Elektroforesis sampel DNA. Sebanyak 10 µl DNA hasil PCR dicampur dengan 2 µl loading dye (0,25% bromophenol blue (b/v), 0,25% xylene cyanol (b/v), dan 30% glycerol), dihomogenkan, kemudian dipipet dengan mikropipet diisikan ke dalam sumuran gel. Kemudian salah satu sumuran gel diberi 6 µl marker 1 kb (New England Biolabs, New England) ditambah 2 µl loading dye yang telah dihomogenkan.

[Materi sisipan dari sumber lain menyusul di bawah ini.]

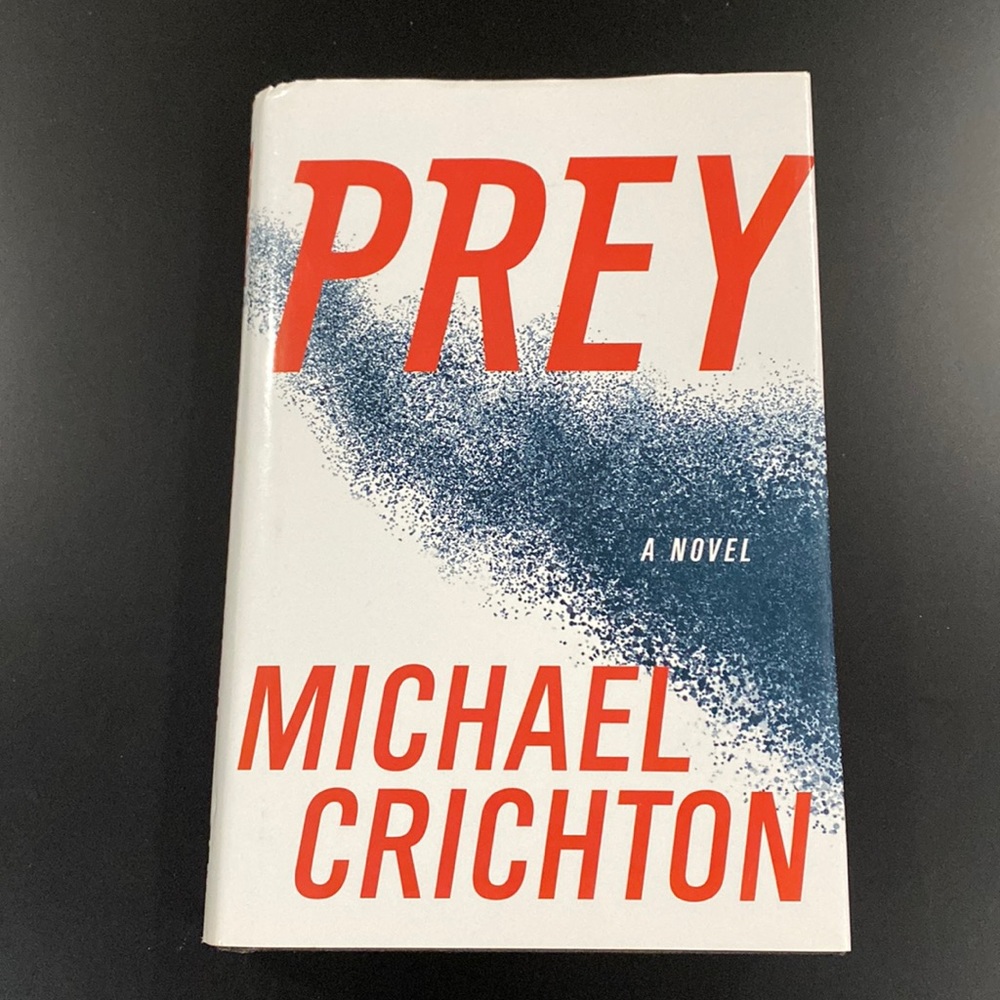 Prey by Michael Crichton - Hardcover Novel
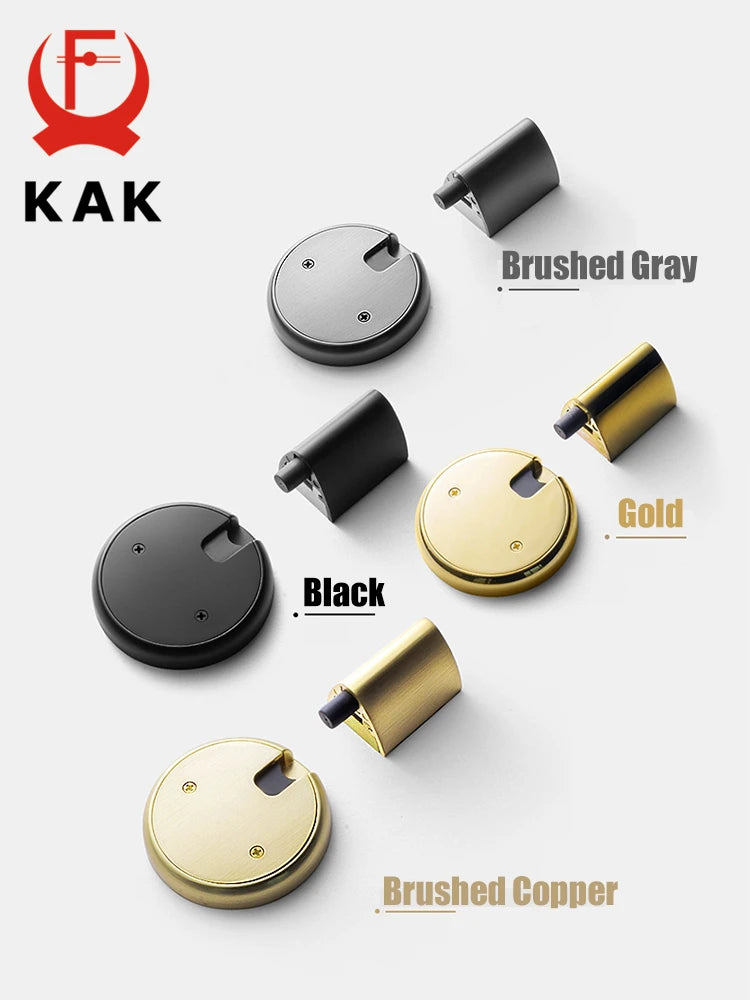 Регулируемый дверной стопор без гвоздей, наклейка, повышенной прочности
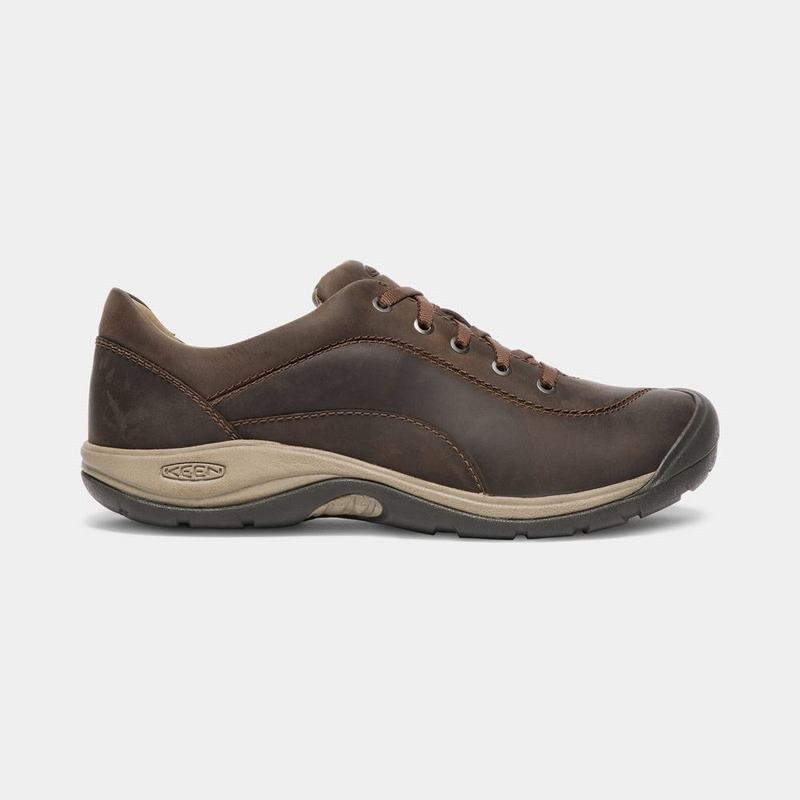 Keen Presidio II - Kadın Casual Ayakkabı - Çikolata - Türkiye (475901ZMT)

Elektroforesis dilakukan dengan tegangan 75 volt selama 40 menit. Hasil elektroforesis tersebut divisualisasikan dengan transluminator ultraviolet (Sambrook et al. 1989).Pita DNA yang terbentuk pada hasil elektroforesis tersebut diamati dan dipotret menggunakan kamera digital.